Assim foi com o escritor e poeta Eduardo Pitta, 66 anos, que nunca na vida, assegura, votou no BE: "Voto sempre no PS ou em candidatos apoiados pelo PS." Mas considera que o seu partido "habitual" teve "um comportamento completamente desastroso nestas presidenciais; Costa foi inteligente em distanciar-se." Vendo Sampaio da Nóvoa como "uma candidatura muito artificial: era o candidato do Livre, nunca me convenceu. Aliás se houvesse segunda volta entre Marcelo e Nóvoa, eu não ia votar" e não querendo "votar contrariado num candidato em que não acreditava, nem na Maria de Belém que teve uma declaração de voto contra o casamento de pessoas do mesmo sexo [Eduardo é casado desde 2010 com Jorge Neves, com quem vivia há décadas]", andou muito tempo a pensar votar em branco. "Mas depois comecei a ouvir a Marisa, a gostar do que ela dizia. Informei-me sobre o percurso dela, e gostei. No fundo, ela convenceu-me. Havendo um deserto do outro lado, a personalidade dela impôs-se. Foi o discurso dela, a postura dela; o BE não é para aqui chamado. E votei com toda a convicção." Assegura conhecer "muito mais gente nestas circunstâncias, tudo burgueses que oscilam entre PS e PSD". Marisa, prossegue, "sensibilizou imensa gente, é ver como em todos os distritos andou nos 10%, não só nas grandes cidades. Tenho amigos de direita, direita mesmo, que votaram nela. As pessoas gostam dela. E se para mim não pesou nada o facto de ser mulher, acho que as mulheres sentiram muito esse apelo. Começam a sentir que se não forem elas a puxar por elas, nunca mais."

Isso mesmo parece ter pesado também na decisão de Sandra Aguiar, 41 anos, diretora financeira numa firma minhota. "Nesta campanha sinceramente eu não tinha ninguém em quem votar - se Guterres se tivesse candidatado votava nele de olhos fechados - e pensei: mal por mal voto numa mulher. Tinha escolhido a Maria de Belém, mas perdeu o meu voto com a questão das subvenções. A Marisa era a outra pessoa em quem podia votar. Tirando elas só o Tino." Habitualmente votante no PS, nos últimos atos eleitorais tem votado BE. Mas não foi isso que a levou a votar Marisa. "A campanha foi um bocado pobre, os debates foram ridículos. Ou votava por palhaçada ou votava em alguém que me desse satisfação. E acho que está na altura de Portugal ter uma mulher como PR. Não sinto tanto o ser feminista ou não, mas acho que vivemos num mundo muito machista. A Marisa ainda é muito nova para ser PR e numa segunda volta teria dificuldade em votar nela.
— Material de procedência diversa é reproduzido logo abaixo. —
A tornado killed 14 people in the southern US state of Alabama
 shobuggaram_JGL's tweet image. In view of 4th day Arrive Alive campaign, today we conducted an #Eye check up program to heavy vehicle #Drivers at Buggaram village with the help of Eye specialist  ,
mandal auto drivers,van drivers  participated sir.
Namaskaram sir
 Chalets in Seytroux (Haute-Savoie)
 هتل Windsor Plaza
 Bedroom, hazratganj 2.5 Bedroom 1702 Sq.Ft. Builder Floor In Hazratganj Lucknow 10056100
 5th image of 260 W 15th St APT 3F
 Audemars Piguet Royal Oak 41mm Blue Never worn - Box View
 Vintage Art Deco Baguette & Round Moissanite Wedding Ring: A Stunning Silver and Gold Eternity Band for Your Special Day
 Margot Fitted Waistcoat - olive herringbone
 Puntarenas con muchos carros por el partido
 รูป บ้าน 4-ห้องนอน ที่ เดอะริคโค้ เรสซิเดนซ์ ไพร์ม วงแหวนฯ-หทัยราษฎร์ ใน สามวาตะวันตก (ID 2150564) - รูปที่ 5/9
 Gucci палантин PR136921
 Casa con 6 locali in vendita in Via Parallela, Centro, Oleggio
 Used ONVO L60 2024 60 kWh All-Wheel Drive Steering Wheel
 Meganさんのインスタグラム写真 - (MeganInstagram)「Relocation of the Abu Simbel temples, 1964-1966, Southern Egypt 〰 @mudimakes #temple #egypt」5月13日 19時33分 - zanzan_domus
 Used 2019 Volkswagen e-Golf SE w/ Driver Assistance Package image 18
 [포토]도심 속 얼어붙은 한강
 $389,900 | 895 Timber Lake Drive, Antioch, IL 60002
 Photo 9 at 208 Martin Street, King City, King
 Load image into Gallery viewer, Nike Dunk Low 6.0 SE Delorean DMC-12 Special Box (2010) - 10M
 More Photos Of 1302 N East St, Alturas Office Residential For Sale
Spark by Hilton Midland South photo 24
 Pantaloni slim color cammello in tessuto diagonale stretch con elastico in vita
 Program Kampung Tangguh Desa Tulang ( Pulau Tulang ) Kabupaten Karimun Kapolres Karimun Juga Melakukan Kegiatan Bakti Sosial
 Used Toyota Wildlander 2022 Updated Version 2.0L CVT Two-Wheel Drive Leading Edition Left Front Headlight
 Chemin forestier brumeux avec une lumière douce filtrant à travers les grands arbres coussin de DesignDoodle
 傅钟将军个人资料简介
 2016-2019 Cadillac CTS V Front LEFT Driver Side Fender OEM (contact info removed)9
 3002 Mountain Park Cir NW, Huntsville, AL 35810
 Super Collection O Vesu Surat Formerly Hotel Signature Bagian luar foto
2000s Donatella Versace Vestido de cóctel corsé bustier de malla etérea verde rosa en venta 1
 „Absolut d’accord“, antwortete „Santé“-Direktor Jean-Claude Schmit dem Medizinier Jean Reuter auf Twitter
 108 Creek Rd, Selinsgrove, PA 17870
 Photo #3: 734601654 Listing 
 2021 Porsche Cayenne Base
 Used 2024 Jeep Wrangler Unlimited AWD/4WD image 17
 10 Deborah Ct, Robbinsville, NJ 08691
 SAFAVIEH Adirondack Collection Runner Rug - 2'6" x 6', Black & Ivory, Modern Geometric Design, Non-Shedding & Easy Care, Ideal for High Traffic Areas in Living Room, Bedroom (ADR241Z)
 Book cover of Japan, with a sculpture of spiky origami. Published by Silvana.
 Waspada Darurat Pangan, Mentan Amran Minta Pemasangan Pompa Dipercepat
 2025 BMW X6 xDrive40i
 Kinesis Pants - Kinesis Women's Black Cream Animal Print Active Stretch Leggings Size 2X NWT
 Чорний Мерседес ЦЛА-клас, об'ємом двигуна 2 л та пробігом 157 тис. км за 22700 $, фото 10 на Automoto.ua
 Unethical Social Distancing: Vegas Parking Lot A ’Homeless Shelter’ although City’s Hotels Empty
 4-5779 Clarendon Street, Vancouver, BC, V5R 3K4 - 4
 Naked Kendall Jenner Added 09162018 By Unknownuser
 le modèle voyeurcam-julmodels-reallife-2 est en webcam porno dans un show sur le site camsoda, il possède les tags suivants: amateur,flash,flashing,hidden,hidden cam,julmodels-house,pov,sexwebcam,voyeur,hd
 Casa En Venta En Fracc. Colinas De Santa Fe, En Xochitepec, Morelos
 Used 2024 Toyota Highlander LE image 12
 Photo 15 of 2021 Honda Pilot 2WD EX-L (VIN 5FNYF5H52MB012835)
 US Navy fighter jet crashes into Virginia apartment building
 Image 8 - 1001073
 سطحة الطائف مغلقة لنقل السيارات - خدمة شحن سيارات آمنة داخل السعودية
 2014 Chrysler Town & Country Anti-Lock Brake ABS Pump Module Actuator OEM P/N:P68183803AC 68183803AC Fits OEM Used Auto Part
Mas teve um resultado merecido, foi dos poucos candidatos que se destacaram positivamente em campanha."

"Impoluta", aldeã e mulher

Habitual votante no PCP e por vezes também no BE - "voto sempre à esquerda" -, o ator Gonçalo Wadington, 38 anos, considera que o candidato comunista "era muito fraco" e Nóvoa pareceu-lhe "uma invenção". Ainda assim, sublinha o facto de ser mulher como a principal razão para ter escolhido Marisa. "Há muito tempo que acho que é preciso mais mulheres no poder." Isso e o facto de "haver algo de impoluto nela, não sei explicar - e ser uma pessoa muito combativa, de ideias muito claras."

O clique que decide o voto pode no entanto vir de algo tão incidental como ver a candidata na TV na sua aldeia natal. Com Fernando Barreto, 70 anos, reformado de mediador imobiliário, contumaz votante socialista de Gaia, foi assim. "Senti-me bem ao ver Marisa no único momento de campanha que vi nas TV. Único mesmo, dos outros nada de nada. Ela estava então na aldeia, falou com amigos e família, e eu, que fui parcialmente criado na aldeia, disse para mim: voto nela!" A motivação passou também por querer que o BE tivesse melhor resultado do que o PCP, e que Marisa ficasse próxima "da candidatura anedótica de Maria de Belém." Aí, comenta, "saiu-me o jackpot!"